From where do you get that info?


----------



## sukesh1090 (Dec 24, 2011)

@gunnerwhole
Buddy bulldozer next family piledriver has been announced for the same am3+ chipset and about apus trinity has been announced for fm2 socket and it is completely different from fm1 and it won't support trinity.so there is no upgrade for fm1.
Btw why should he go for apu when he can get i5 and 6850 and play any games at high settings.

Its up to op now.if he is upgrading his monitor anytime soon then buy 955 and 6870 or 6950.
Or if not going to change the monitor then i5 and 6850 is the best config for you.
I guess i made it clear.


----------



## prasathlr (Dec 24, 2011)

Whoa!!

I shud change Monitor also!! :/

I am so confused. My mom is against upgradation of PC. She wants me to buy a laptop. I saw the Spec of laptops as well as PC.

I had decided on HP dv6 6121TX at 53k for Better graphics card!! SHe is ready to spend so much on laptop but not for PC. And when I abt HP in Mangalore All i got was full on negative comments that service is not proper and over-heating. 

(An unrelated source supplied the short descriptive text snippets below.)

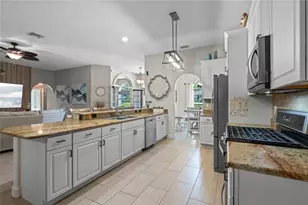 11516 Lyons Ct, Clermont, FL 34711 - Photo 13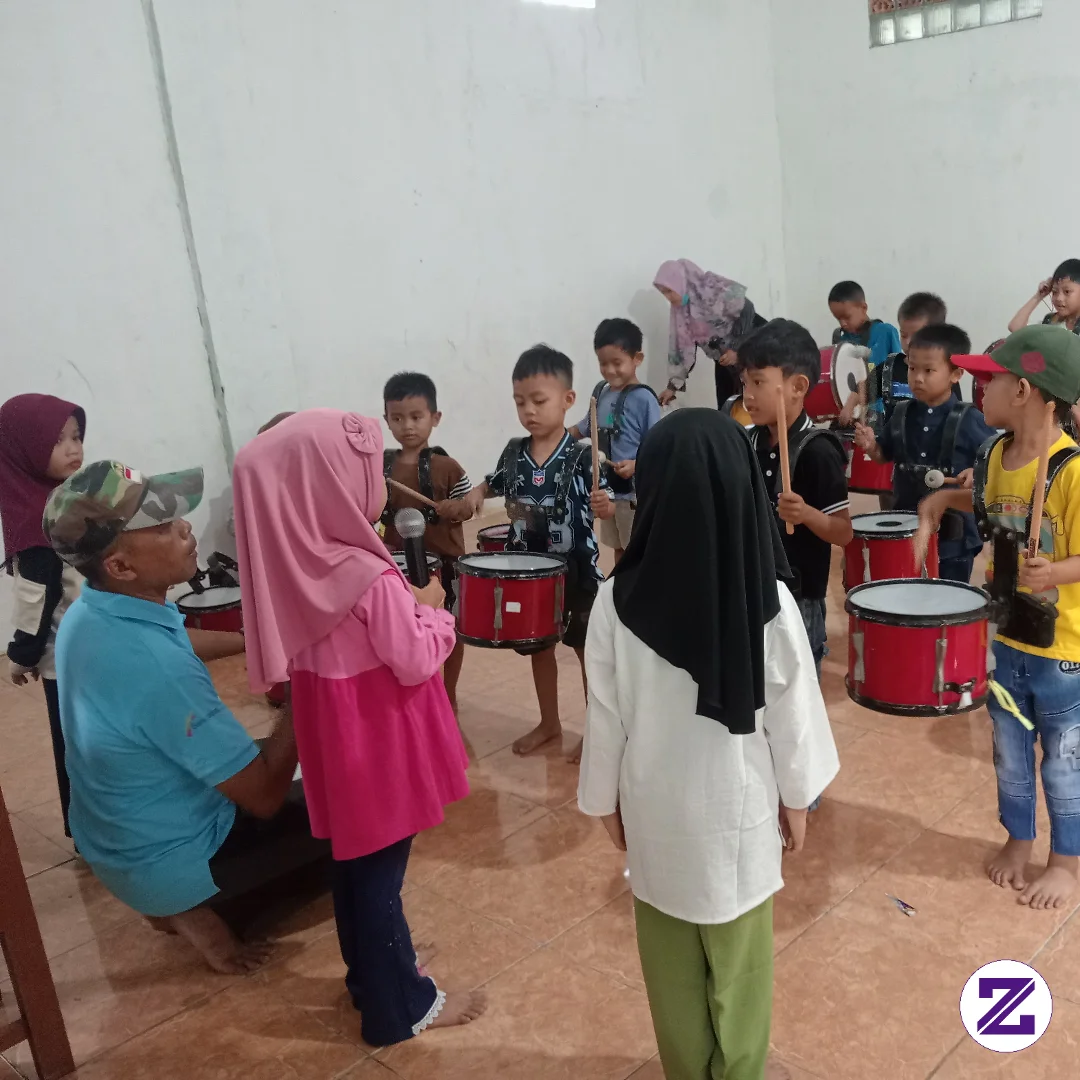 Lihatin Anak Latihan Drumband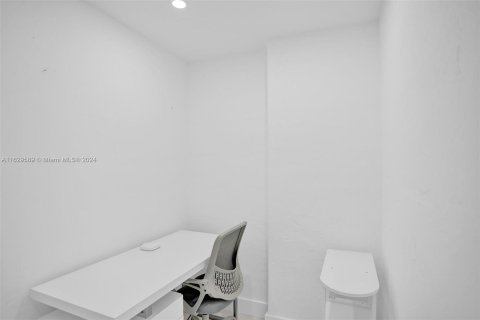 Condo in Sunny Isles Beach, Florida, 1 bedroom  № 1289294 - photo 9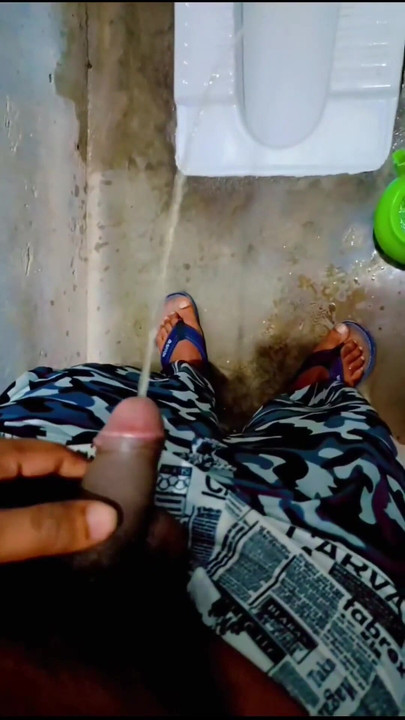 Must-see moment from "Desi teen indian boy peeing in public toilet"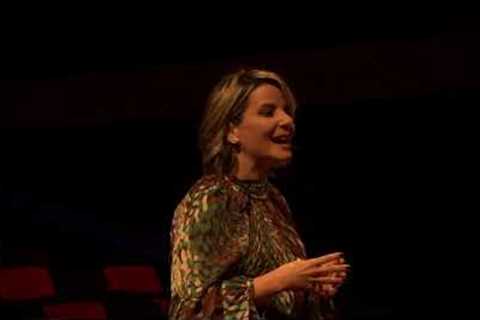Qual o real motivo de não se contratar uma mãe? | Luciana Cattony | TEDxMacedo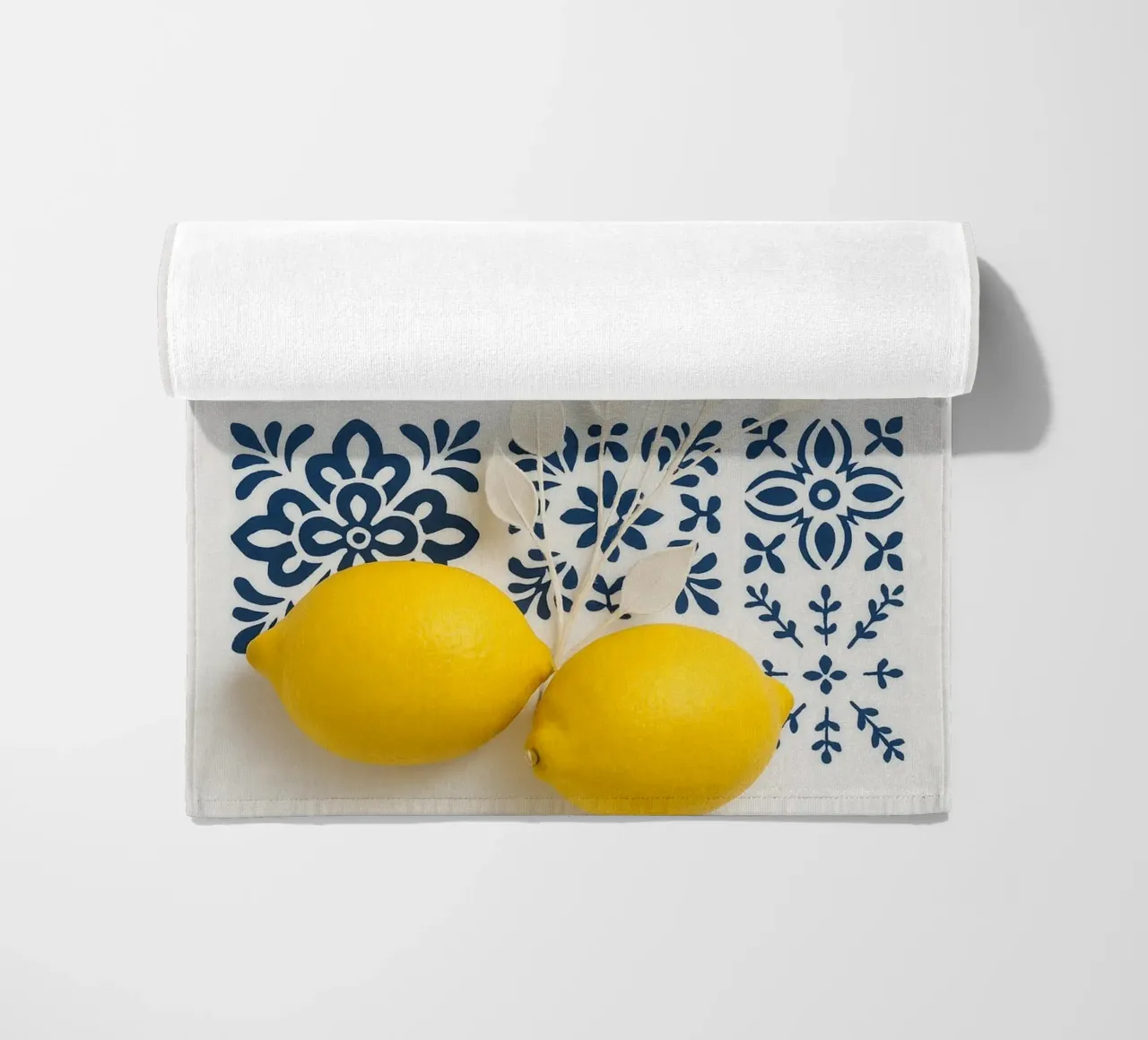 Piastrelle mediterranee e design al limone telo mare da Casa Calm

Now I dunno what to do!!! 

If it was for PC i had decided on AMD config. because of the High HDD price i had to settle for AMD. Now Have to change monitor also. DOesnt games run properly in this settings!!

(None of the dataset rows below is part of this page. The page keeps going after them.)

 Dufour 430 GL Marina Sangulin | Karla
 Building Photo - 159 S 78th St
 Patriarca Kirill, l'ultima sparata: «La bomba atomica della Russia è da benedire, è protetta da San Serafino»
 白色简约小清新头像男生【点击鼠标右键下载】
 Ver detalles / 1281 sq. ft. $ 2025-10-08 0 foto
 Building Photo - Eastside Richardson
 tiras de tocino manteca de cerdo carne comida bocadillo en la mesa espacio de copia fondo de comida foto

What do u say Laptop or PC!!??


----------



## gunnerwholelife (Dec 24, 2011)

OP I think if you choose to go the PC way . . .

Get the best config for your budget at this moment ...
Dont think future proof....
Coz in gaming nothing lasts for more than 2 years max ...

Right now intel is much better than AMD ..


----------



## ico (Dec 24, 2011)

prasathlr said:


> I had decided on HP dv6 6121TX at 53k for Better graphics card!!


AMD HD 6770M in dv6-6121tx performs around the level of HD 6570/5670 desktop.

there is a thread about HP dv6 laptops in the forum: *www.thinkdigit.com/forum/laptops-n...6-6017tx-6121tx-6140tx-dv6-6165tx-thread.html

No one has complained about overheating.


----------



## Jaskanwar Singh (Dec 24, 2011)

ofcourse a PC!!


----------



## topgear (Dec 25, 2011)

@ OP - look at your basic requirements :



> I will be using some Photoshop and editing stuffs in basic level.
> 
> 1. What is the purpose of the computer? What all applications and games are you going to run? (Generic answers will not work. Be exact and avoid the word 'et cetera.')
> Ans: Gaming, Multimedia, Browsing, basic editing stuffs.
> ...



all of those above tasks can be done easily of both PC and laptop - but if you honor gaming and want to run present and future game titles with decent settings opt for PC - overall PC  is still best for gaming 

Regarding cpu - if your budget allows ( read around ~45k ) go for 2500k ( if offers great performance with OCbility ), if you are on a tight budget and don't want to Oc then core i5 2400 but if you want to learn OCing ( and get going in the thrilling world of OC ) and still don't want to break the bank then 955BE is what you need - just try to get a good gpu along with it


----------